Digital-music sales in most developed countries still do not fully compensate for the decline in physical-format sales. In fact, the majority of the world’s countries where digital is dominant are in Asia and are not considered developed. Rather than digital growth, the decimation of the physical-format sector by piracy is the main reason for Asian-country digital dominance. However, in a number of these countries, digital sales have shown promise, and therefore establishing a foothold at this early stage of development makes good business sense.
China and India are the standout “emerging markets,” with both already having bigger digital sectors than physical. Moreover, forecast economic growth in the two countries will result in a rapid rise in consumer spending power. According to the Organization for Economic Co-operation and Development (OECD), China’s economy is projected to surpass the euro-currency area in a year or so and the US soon after to become the largest economy in the world. India is forecast to surpass Japan in the next year or two and the euro area in about 20 years. The OECD has forecast that the combined GDP of China and India will be larger than the GDP of the entire OECD area (34 countries) before 2060. Currently, China and India combined are equal to about one-third of the combined GDP of the 34 OECD members.
But other countries in Asia are also showing promise. Aside from South Korea, which is arguably the digital leader in the region, Indonesia is one example of a market ripe for digital exploitation. Digital sales in Indonesia actually fell slightly in 2011, but that was largely because of the big dependency on ring tones, with mobile accounting for 84% of digital trade revenues in 2011, and the lack of any compelling download or subscription services.
Although Indonesia has a big imbalance of wealth, in the past 10 years personal wealth has risen sharply. According to a report by financial-services company Credit Suisse, Indonesia’s wealth level per adult was similar to that of India in 2000, but the figure for Indonesia is now more than double India’s. Credit Suisse also said that just 2% of the population in Indonesia had wealth above US$100,000. However, that share is close to 5 million people, equal to the population of Ireland and just behind the population of Denmark and Finland, all of which have thriving digital-music markets.
Testing the waters in sub-Saharan Africa
One part of the world that has always been a recorded-music-industry wasteland is sub-Saharan Africa. Piracy levels are high, and few reliable sales statistics are available. Establishing a digital presence in the region is especially difficult, because of the lack of formal channels for tracking down and licensing content. Moreover, the ethnic diversity found in each country adds complexity to building a local digital-music offering with mass-market appeal. Adding to the problems is the lack of record companies and well-established collection societies. Some countries seem beyond even the most optimistic digital-music retailer, but iTunes is now operating in several countries in the region, including Bahrain, Israel, Qatar and the UAE. All of these markets will be a good test for iTunes and downloads in general because of the high broadband-penetration levels, high income levels and the lack of any download competition.

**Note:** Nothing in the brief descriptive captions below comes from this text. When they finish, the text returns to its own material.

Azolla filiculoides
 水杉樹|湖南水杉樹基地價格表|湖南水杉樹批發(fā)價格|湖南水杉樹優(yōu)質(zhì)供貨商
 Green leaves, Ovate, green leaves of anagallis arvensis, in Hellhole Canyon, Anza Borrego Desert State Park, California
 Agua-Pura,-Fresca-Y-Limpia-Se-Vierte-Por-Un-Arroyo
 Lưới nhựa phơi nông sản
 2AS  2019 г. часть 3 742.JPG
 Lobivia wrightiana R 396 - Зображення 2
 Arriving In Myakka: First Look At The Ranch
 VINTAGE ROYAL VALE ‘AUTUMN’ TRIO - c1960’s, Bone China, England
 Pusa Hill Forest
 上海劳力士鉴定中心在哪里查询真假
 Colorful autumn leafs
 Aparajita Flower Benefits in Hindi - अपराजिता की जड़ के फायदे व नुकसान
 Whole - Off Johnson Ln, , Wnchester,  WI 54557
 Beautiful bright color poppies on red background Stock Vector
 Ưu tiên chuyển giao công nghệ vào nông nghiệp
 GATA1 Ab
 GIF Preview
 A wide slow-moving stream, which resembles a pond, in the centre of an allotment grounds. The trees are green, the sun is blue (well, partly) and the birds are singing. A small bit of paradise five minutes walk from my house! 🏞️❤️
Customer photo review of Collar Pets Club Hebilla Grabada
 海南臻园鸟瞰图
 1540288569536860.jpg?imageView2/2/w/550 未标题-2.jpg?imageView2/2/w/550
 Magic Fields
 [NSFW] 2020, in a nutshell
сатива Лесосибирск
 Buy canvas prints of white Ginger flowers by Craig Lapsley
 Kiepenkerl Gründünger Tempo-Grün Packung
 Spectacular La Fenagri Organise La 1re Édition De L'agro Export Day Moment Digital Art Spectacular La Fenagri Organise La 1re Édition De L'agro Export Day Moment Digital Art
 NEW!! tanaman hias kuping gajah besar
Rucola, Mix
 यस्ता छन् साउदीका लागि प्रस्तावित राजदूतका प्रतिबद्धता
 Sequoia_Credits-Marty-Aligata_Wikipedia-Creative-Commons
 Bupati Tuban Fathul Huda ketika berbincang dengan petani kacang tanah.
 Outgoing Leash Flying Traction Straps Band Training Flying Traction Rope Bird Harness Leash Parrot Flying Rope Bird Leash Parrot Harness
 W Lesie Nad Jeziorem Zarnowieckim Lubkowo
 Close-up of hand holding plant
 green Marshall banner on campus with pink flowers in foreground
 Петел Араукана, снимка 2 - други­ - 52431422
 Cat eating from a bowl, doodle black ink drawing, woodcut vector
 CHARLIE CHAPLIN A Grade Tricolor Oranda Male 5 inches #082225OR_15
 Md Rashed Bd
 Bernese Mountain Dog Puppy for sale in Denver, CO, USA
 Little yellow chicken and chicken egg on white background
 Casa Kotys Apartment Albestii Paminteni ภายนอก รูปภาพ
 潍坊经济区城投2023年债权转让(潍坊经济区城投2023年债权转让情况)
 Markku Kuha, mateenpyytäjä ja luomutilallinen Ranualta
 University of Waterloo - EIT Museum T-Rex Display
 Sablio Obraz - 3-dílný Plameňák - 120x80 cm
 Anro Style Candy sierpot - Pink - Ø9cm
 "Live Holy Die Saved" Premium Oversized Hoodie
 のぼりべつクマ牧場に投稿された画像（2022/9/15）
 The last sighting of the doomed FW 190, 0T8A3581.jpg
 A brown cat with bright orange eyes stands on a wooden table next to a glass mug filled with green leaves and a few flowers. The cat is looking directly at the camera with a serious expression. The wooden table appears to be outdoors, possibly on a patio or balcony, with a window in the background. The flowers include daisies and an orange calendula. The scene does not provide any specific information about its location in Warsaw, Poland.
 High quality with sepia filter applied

Few are expecting any of these markets to suddenly burst into life, but the latest international rollouts give underserved consumers who want to buy digital music or subscribe to digital-music services the opportunity to do so.
Although not the ideal comparison, the growth of the digital-TV sector in sub-Saharan Africa is possibly one positive indicator of consumers’ willingness to pay for entertainment. According to research published by Music & Copyright publisher Informa Telecoms & Media late last year, the Middle East and Africa is undergoing significant political change, and the youthful demographic skew in many countries has lowered barriers to the acceptance of new technologies.
Monetizing subscription-led TV content has proved difficult for pay-TV providers, largely because of the wide availability of satellite-delivered free-to-air channels, exacerbated by the problem of generating steady revenue in a region with an abundance of piracy across most platforms. However, the TV industry overall is seeing a period of exceptional growth, drawn from an increase in the number of both TV households and viewers, and coupled with generally favorable economic conditions. Across the entire Middle East and Africa, Multichoice is the leading pay-TV operator. Turkish service Digiturk is the largest pay-TV operator in the Middle East and North Africa, ahead of D-Smart.
Although the TV and recorded-music industries have very different dynamics, there are some clear similarities. Understanding local market dynamics and setting realistic prices to tempt consumers away from free has seen pay-TV-subscription numbers rise, and there is no reason why digital-music services cannot do the same. Few of these emerging markets will take a place in the IFPI’s top 20 anytime soon, but given time they could start generating significant revenues, and rolling out international digital-music services in markets that have contributed little to record companies’ bottom lines just might be a better business decision than some had first thought.